Qwerty sapeva bene (e con lui pochi altri) che quella mappa circolante in quei giorni a Diarcopolis, seppure utile strumento per individuare – ma solo per grandi linee – il territorio, era troppo “grossolana” per definire in maniera puntuale la “nuova geografia” del potere diarcopoliano.
L’unica cosa certa era, ovviamente, che tale mappa indicava nettamente e chiaramente dei capisaldi naturali che, da quel momento in poi, avrebbero costituito “barriere orografiche” invalicabili. A meno di immaginare inimmaginabili trafori o valichi, la mappa poneva sul territorio tutta una serie di linee Maginot fortificate, poste a difesa di aree di sicuro interesse strategico ed economico.

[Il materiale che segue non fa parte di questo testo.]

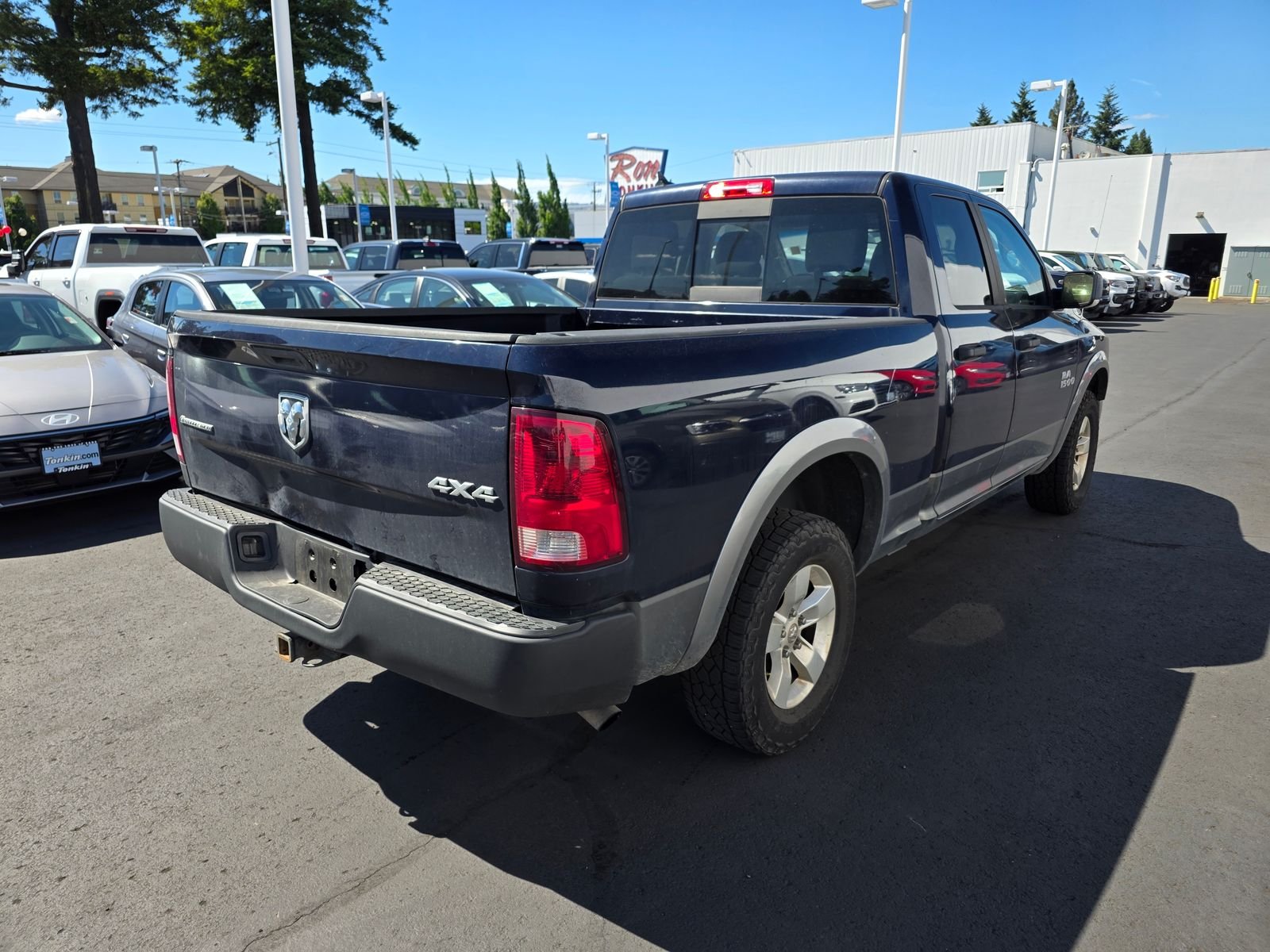 Used 2013 True Blue Pearlcoat Ram SLT image 5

Nonostante l’apparente intangibilità ed immodificabilità della mappa, però, tutti i leader dei Sindacans, almeno formalmente, avevano prontamente levato grida di sdegno e preannunciato furiosa ed instancabile battaglia. Loro intento (solo dichiarato?) era quello di impedire che la mappa diventasse “legge”. L’accusa era di aver sgarrato nel metodo e nel merito, contravvenendo in pieno a tutte le buone pratiche consociative. Questo, ripeto, almeno formalmente, il corretto e preventivabile atteggiamento dei Sindacans nei confronti della tanto odiata mappa.
Qwerty, però, sapeva bene che tutti quegli strepiti potevano benissimo nascondere una strategia più sottile e perversa. In fondo, la mappa, pur fra i tantissimi capisaldi, lasciava ancora un discreto spazio di manovra. Infatti, molti posti di “controllo” erano descritti come privi di un controllore, lasciando presagire che per quei posti ancora vacanti si poteva aprire una “fraterna” trattativa, in cui provare ad inserire qualche “orfanello” in attesa di trovare una nuova famiglia che lo potesse accogliere amorevolmente. Insomma, l’apparente contrapposizione poteva ben presto lasciare il campo ad una amichevole ricomposizione fra le parti.
La mappa, poi, evidenziava, con la sua voluta carenza di dettagli, come la gran parte delle truppe (cammellate e non) fosse ancora alla ricerca di un sicuro ricovero. Niente, infatti, veniva chiarito dalla mappa riguardo al futuro incerto di tantissimi soldatini semplici che dalla mappa potevano arguire, solo in qualche caso, il loro destino individuale.
Certo, i soldatini poco contano, essendo quasi sempre immolabili come pura “carne da cannone” e, quindi, il loro destino valeva, allora come oggi, poco più di nulla.